Ahora lo recuerdo con una mágica mezcla de risa y absoluto afecto, pero hubo momentos en ese breve lapso de tiempo que el perro y nos observábamos preguntándonos que narices hacíamos ahí. Su mirada delataba una precaución inquietante. Al poco decidí pararme y echar un vistazo con más detenimiento a mi alrededor. No había un solo claro, y nos encontramos curiosamente rodeados de zanjas que se cruzaban entre si. Al pensarlo caí en la cuenta de que estábamos en segundas o terceras líneas de trincheras y que los cruces eran los ramales de comunicación. La sensación fue fantástica, pero el extraño temor no desaparecía. Al poco y como la corneta del 7º de caballería, sonó la voz de Laura preguntando donde estaba. No lo dudamos, nos giramos y un poco al trote volvimos hacia ella y nuestros amigos. Mentiría si dijese que no sentí una ligera sensación de alivio. Al verme, Laura me preguntó que ocurría, quizás mi cara delatase un poco de susto. Le dije que nada, sólo que fue muy impresionante. Curiosamente, el bueno de Frasier fue el primer en entrar en el coche. Puede que tuviese frío, aunque no lo creo.
Me quedé con el sitio y me prometí volver al día siguiente.
Otra vez en ruta, seguimos la boscosa carretera que lleva al campo de batalla de la orilla derecha: Douaumont, Thiaumont, Fleury, Damloup, Froideterre, Vaux, etc. A 300 o 400 metros a mano izquierda se yergue el Memorial de Verdun, donde en 1916 se encontraba el malogrado pueblo de Fleury. Fleury, como otros pueblos de la zona, desapareció literalmente de la faz de la tierra producto de los brutales bombardeos alemanes y franceses por hacerse con este preciado pedazo de tierra. No paramos, pero decidimos visitarlo al día siguiente.
Seguimos las indicaciones de la carretera y nos decantamos por Fort Douaumont. Pero en el camino topamos con uno de los monumentos más impresionantes de la zona: el Osuario de Douaumont que se yergue casi en el mismo lugar donde estaba la famosa Fermé de Thiaumont. Quisimos parar, pero la parte derecha de la carretera -delante de la necrópolis- era un seto contínuo, precioso, de una serenidad colosal. Al final de la recta, casi en el recodo antes de una curva encontramos un pequeño espacio para dejar el coche. Curiosamente, en ese recodo y a un nivel inferior se encuentran los restos del Abri 320.

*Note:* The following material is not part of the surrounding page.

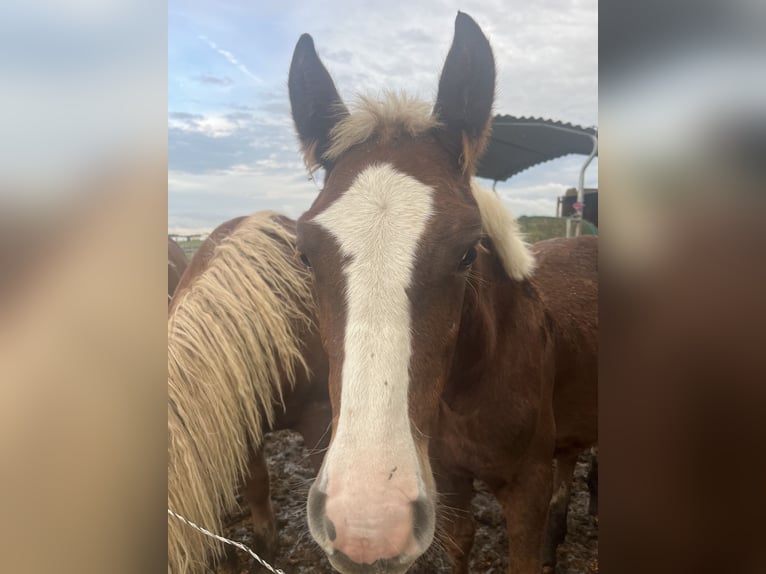 Black Forest Horse Stallion Foal (03/2024) Chestnut in Reichelsheim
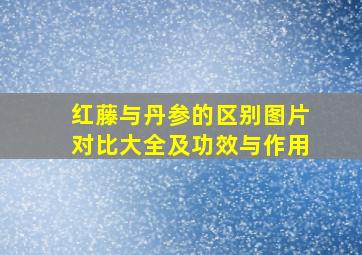 红藤与丹参的区别图片对比大全及功效与作用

Me sentí confuso ya que dos grandes chimeneas señalaban el límite del espacio y por un momento pensé en el gran abrigo subterráneo de las 4 Chimenées. El Abri 320 es un espacio de media ha. de terreno, como no, plagada de enormes cráteres que hacen de su paseo un montaña rusa. Durante unos diez minutos paseamos por la estructura superior del Abri 320 hasta que decidimos franquear la carretera y dirigirnos hasta la parte inferior de la necrópolis de Douaumont que se encuentra en la parte inferior de una vertiente que culmina en el siniestro edificio del Osuaire de Douamont.